The king's power to make his subjects adopt a new religion that they quickly abandoned after his death may have been to do with the country's natural geographical isolation by desert, good internal communications via the Nile, dependence on government to organise irrigation and production and storage of food in an economy dependent on the Nile floods and which lacked a currency or a merchant class, as well as the immense prestige of the Egyptian monarchy.
We know that Akenaten closed the temples of Egypt's colourful multiplicity of gods and goddesses like Re, Amun, Horus, Seth, Osiris, Isis, Hathor etc. and had their names defaced in inscriptions.
He instituted instead the worship of the sun disk, which he called the Aten, worshipped in temple courts open to the sky. He built a new capital city and pioneered new styles and even colours in art that would not be associated with worship of the old gods. He made himself the key figure in Aten worship.
Arguably, this was the first recorded monotheistic religion in the world. Whether it is coincidence that the next oldest recorded monotheistic religion, that of the Hebrews, appeared in a country, Israel, that is a near neighbour of Egypt, is an extremely important but open question.

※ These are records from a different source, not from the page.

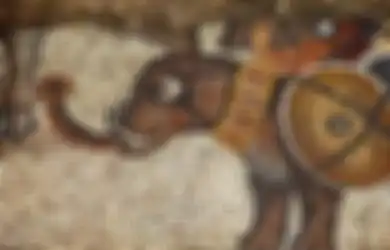 Berasal dari Abad ke-5, Mosaik Bahtera Nuh Langka Ditemukan di Sinagog Israel Kuno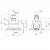 Sick BEF-HA-TCLI10-FTS1 (2093548) Compression fitting for T-Easic FTS, clamp (DIN 32676) DN 25-40 (50.5 mm)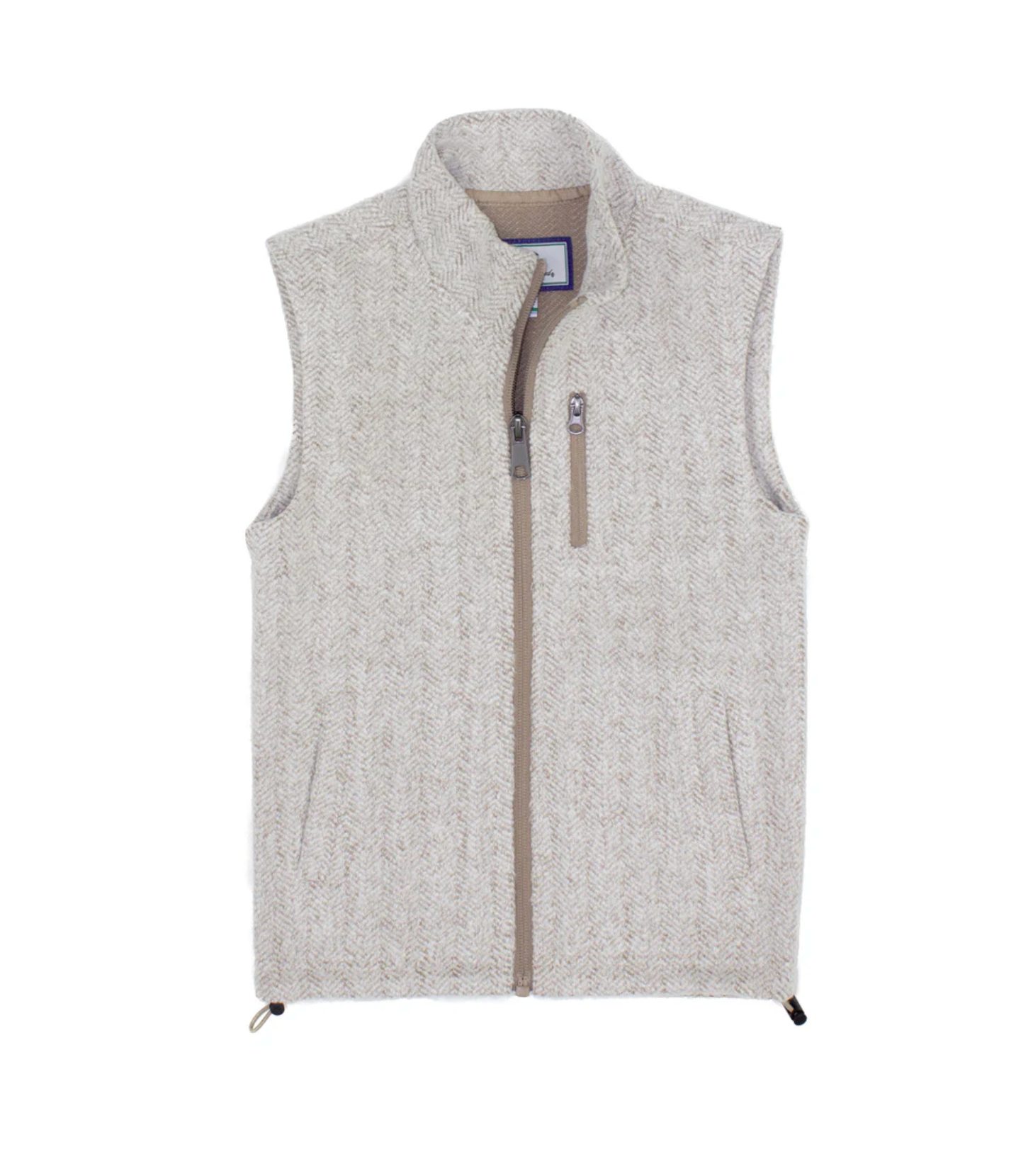 Properly Tied Upland Vest - Cream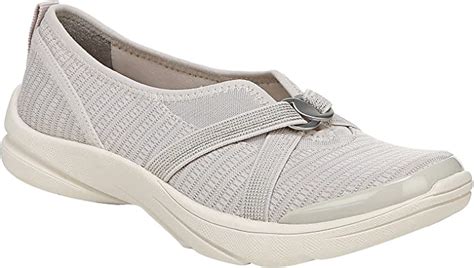 Bzees Womens Lana Sand 8 Bm Us Loafers And Slip Ons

After Akhenaten's death his immediate successors seem to have continued the Aten religion to an extent for a couple of years, but then abandoned it, along with his capital and artistic innovations. Akhenaten's son, born 'Tutankhaten', came to the throne a few years later as 'Tutankhamun', under which name he is still famous. Thereafter, Akhenaten's own name was chiselled out of inscriptions and left out of lists of Egyptian kings, and the memory of him and his religion removed from history, until the British archaeologist Flinders Petrie excavated the site of Akhenaten's capital in the early twentieth century.